Sinds de dageraad van de mensheid heeft onze onderzoekende geest geprobeerd de wereld te verklaren. De ontstellende soortenrijkdom, de veelheid van verschijnselen, de aparte positie die we onszelf toedichten als ‘kroon der schepping’: hoe is dat alles tot stand gekomen? Voor we onze toevlucht namen tot de bevindingen van Darwin en de wetten van de fysica, chemie en biochemie was de gedaanteverwisseling een veelgebruikte verklaringsgrond. Eén der bekendste werken uit de wereldliteratuur draagt het zelfs als titel tout court: de Metamorfosen van Ovidius.
In alle culturen vinden we scheppingsmythen terug waarbij de metamorfose een grote rol speelt. Meisjes van sneeuw worden wolken, jonge krijgers worden vogels, zeehonden worden vrouwen, gebakken kleipoppetjes wordt leven ingeblazen. Een reuzenbaby die windjes laat en plast: dat zijn onze stormen en regenbuien.
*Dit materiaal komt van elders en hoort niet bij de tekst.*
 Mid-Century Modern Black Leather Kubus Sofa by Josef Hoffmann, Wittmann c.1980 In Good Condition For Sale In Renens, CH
Sassafras De Bruyn (voornaam is geen artiestennaam) vertelt en illustreert een hele reeks van deze oeroude, bijzondere verhalen over natuur, dieren en mensen in het aantrekkelijk uitgegeven Al zolang er mensen bestaan. Sassafras heeft de verhalen geordend volgens de vier elementen van Empedocles: water, aarde, lucht en vuur. Vlot en levendig verteld krijgen we in dertig verhalen scheppingsmythen van over de hele wereld. Opvallend is de originele selectie van de verhalen. Voor één keertje niets uit de Bijbel of het Gilgamesj-epos. Dat mocht wel eens want tot in den treure naverteld in gelijkaardige werken. Na elk verhaal vinden we nog een korte toelichting over de geografische en historische oorsprong. Vooraan in het boek staat een handige inhoudsopgave met genummerde verwijzingen op een wereldkaart. De verhalen getuigen van een grote taalvaardigheid. Puntig geformuleerde, goed in elkaar hakende zinnen doen je altijd maar verder lezen (of voorlezen voor de allerkleinsten). De enkele, humoristische poep- en plasverhalen leiden ongetwijfeld tot hilariteit bij de jonge toehoorders.
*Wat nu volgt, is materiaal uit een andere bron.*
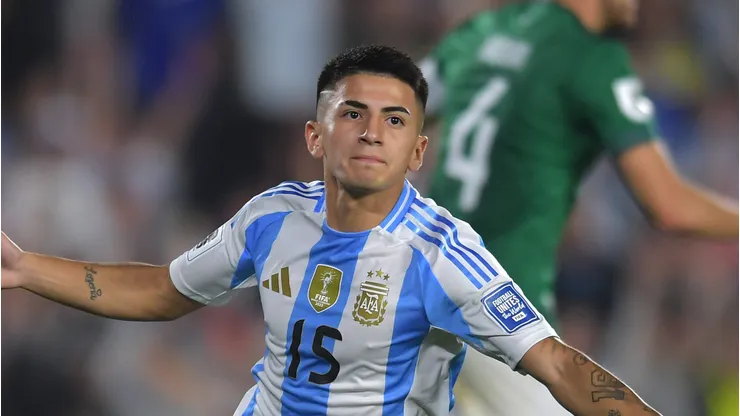 Almada durante partida contra a Bolívia. Foto: Marcelo Endelli/Getty Images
Een randbemerking bij de illustraties toch. Sassafras De Bruyns talent is onbetwistbaar (getuige haar andere publicaties en buitenlandse opdrachten) maar nu viel mij extra op dat er in het minutieuze, ambachtelijke tekenwerk toch wel erg veel invloed is geslopen van de Big Tech Art Style die onze krantenpagina’s teistert: het wat ééndimensionale van de figuren met houterige, lange ledematen en smalle torso’s. Alsof de illustratrice deze stijl heeft willen imiteren. Daarom gaat het opmaken van de eindbalans toch wat gepaard met gemengde gevoelens. Een zeer hoge score voor de formule van het boek, de selectie van de verhalen en de tekst. Maar wat mij betreft: wat minder punten voor de illustraties. Ze reflecteren immers niet de warmte en geborgenheid en de positieve visie op het bestaan die de teksten wél bieden. Het zou jammer zijn als de uitgever om deze reden deze verhalenschat snel verramsjt. Al zolang er mensen bestaan verdient beslist bijzondere aandacht.